MATERIAL SUPPLIED:
▽

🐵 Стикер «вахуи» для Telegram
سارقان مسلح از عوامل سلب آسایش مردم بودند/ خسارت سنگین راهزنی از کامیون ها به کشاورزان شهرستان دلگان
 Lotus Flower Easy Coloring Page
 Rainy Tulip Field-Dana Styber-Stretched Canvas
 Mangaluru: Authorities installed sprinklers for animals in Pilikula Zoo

△

ACTIVITY: Please write out all of the records above, character for character.

TASK RESULT:
🐵 Стикер «вахуи» для Telegram
سارقان مسلح از عوامل سلب آسایش مردم بودند/ خسارت سنگین راهزنی از کامیون ها به کشاورزان شهرستان دلگان
 Lotus Flower Easy Coloring Page
 Rainy Tulip Field-Dana Styber-Stretched Canvas
 Mangaluru: Authorities installed sprinklers for animals in Pilikula Zoo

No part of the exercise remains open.